[WHAT IS BEING ASKED]
Write out each record exactly as given, but do not include the pictures.

[TASK INPUT]
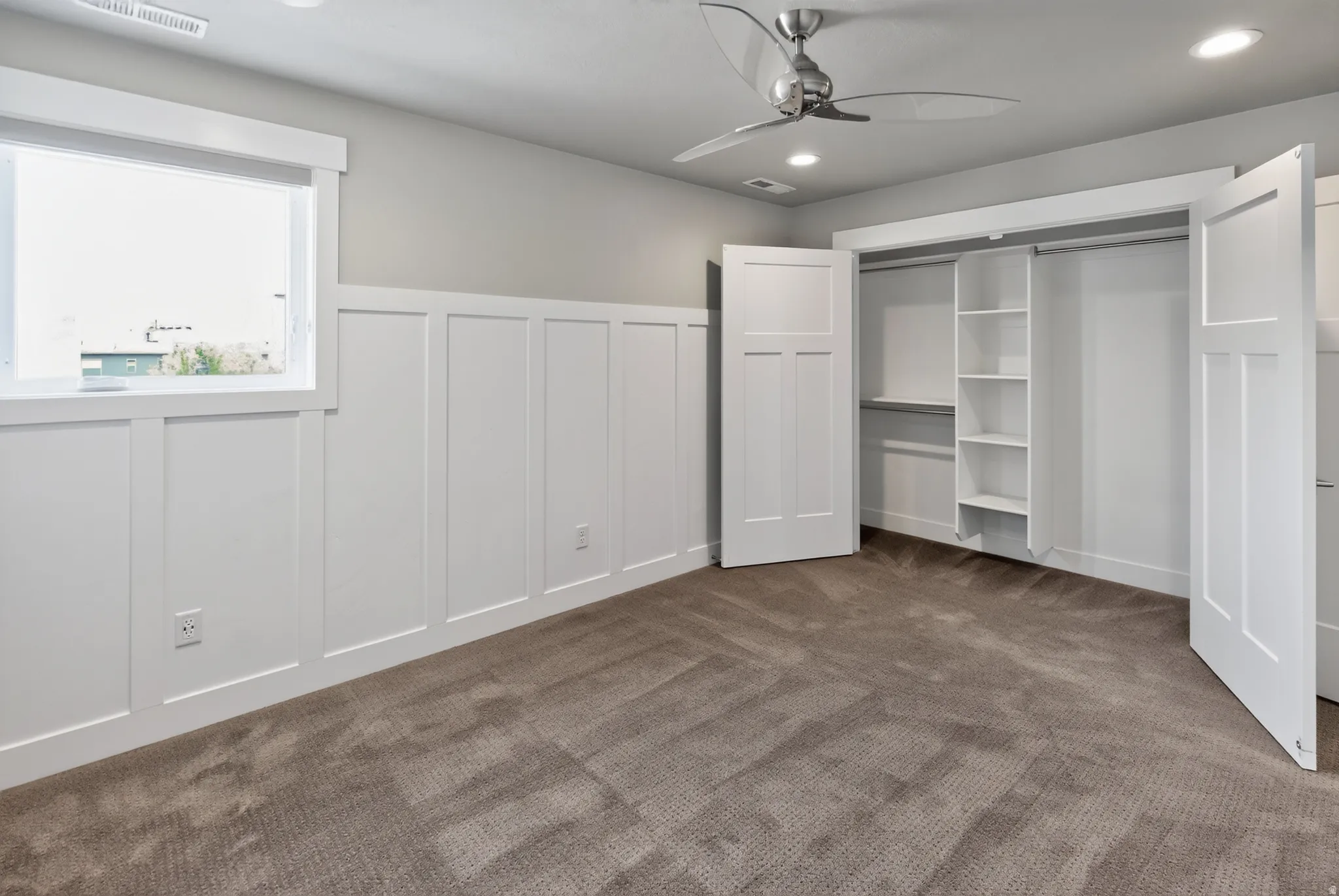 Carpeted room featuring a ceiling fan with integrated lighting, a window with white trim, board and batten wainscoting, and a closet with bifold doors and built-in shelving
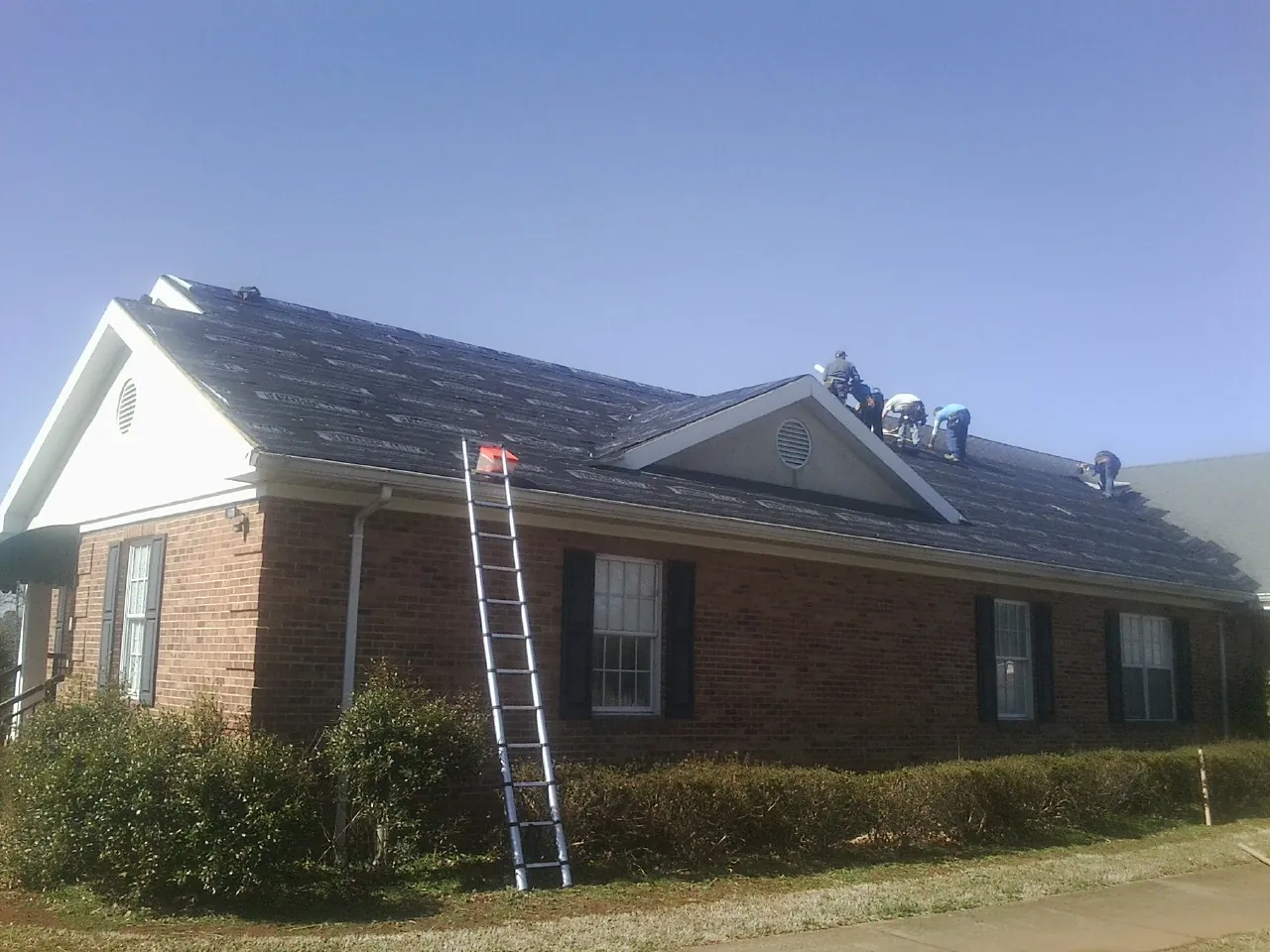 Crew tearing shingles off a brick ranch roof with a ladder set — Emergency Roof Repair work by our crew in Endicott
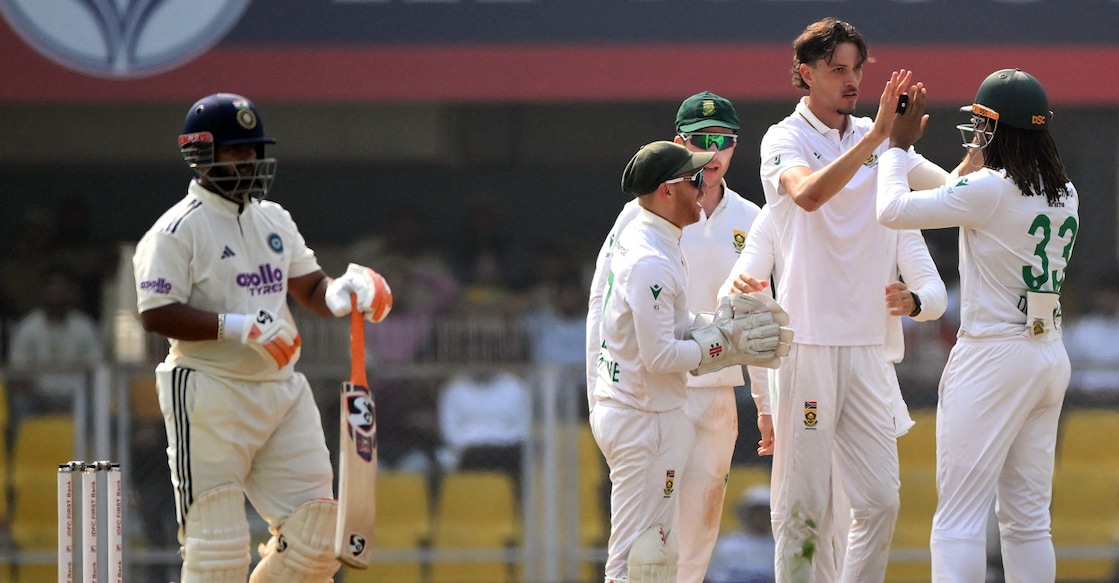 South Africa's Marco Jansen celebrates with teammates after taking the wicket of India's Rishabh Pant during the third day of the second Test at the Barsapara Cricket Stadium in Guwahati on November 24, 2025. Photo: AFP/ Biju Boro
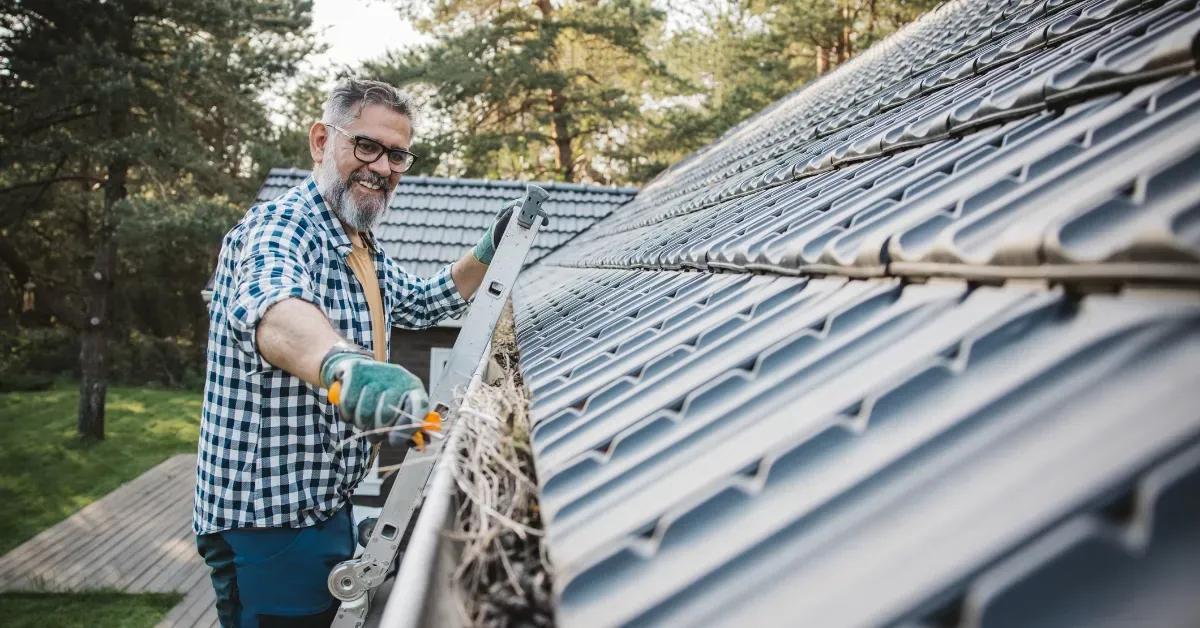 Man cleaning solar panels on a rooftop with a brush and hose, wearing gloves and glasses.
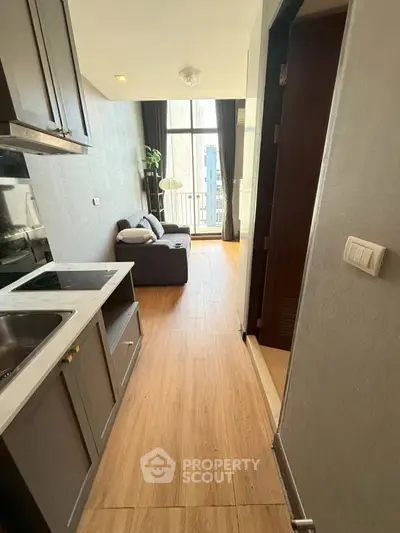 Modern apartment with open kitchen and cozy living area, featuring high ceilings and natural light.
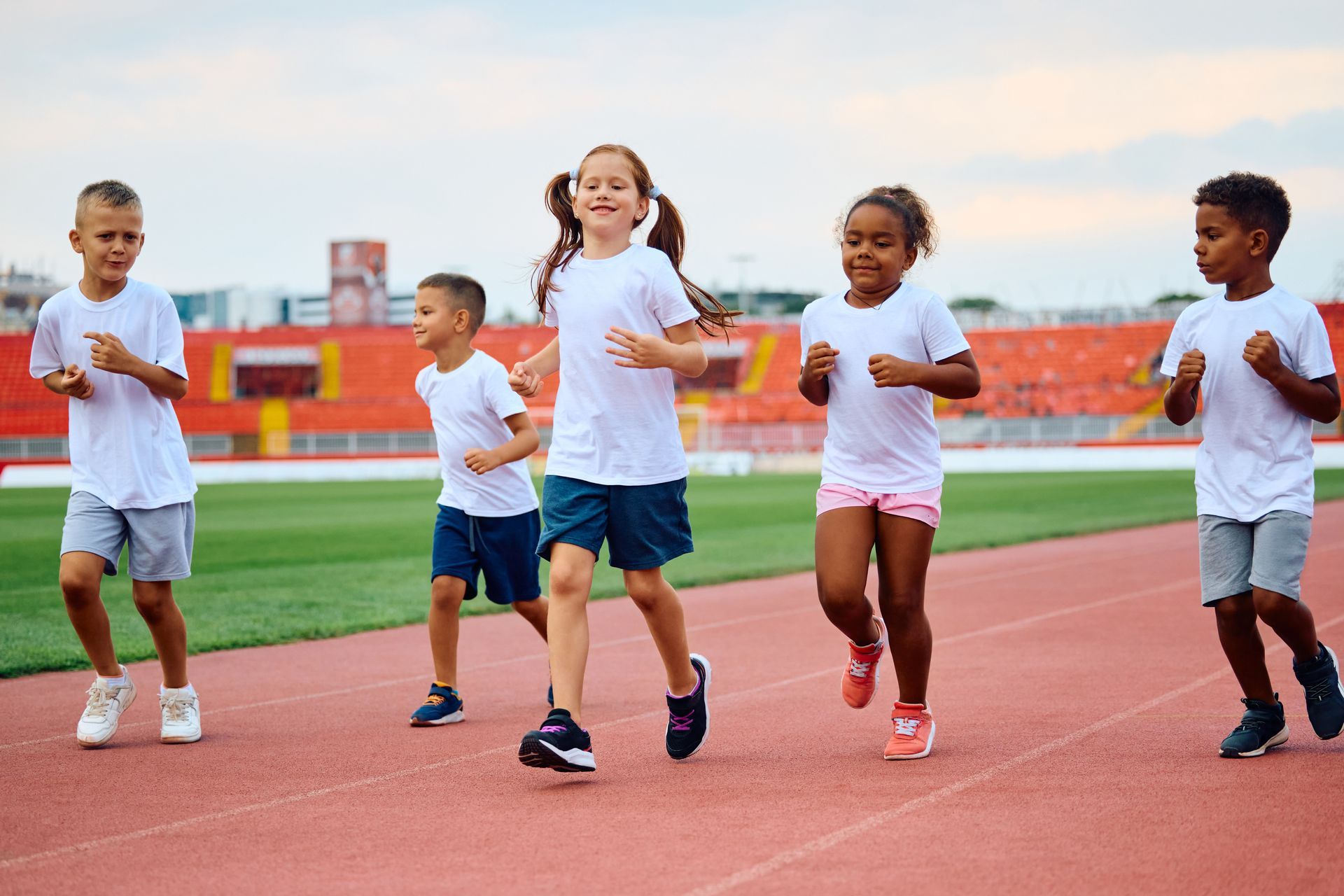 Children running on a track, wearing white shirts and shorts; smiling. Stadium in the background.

[RESULT FOR THIS EXERCISE]
 Carpeted room featuring a ceiling fan with integrated lighting, a window with white trim, board and batten wainscoting, and a closet with bifold doors and built-in shelving
 Crew tearing shingles off a brick ranch roof with a ladder set — Emergency Roof Repair work by our crew in Endicott
 South Africa's Marco Jansen celebrates with teammates after taking the wicket of India's Rishabh Pant during the third day of the second Test at the Barsapara Cricket Stadium in Guwahati on November 24, 2025. Photo: AFP/ Biju Boro
 Man cleaning solar panels on a rooftop with a brush and hose, wearing gloves and glasses.
 Modern apartment with open kitchen and cozy living area, featuring high ceilings and natural light.
 Children running on a track, wearing white shirts and shorts; smiling. Stadium in the background.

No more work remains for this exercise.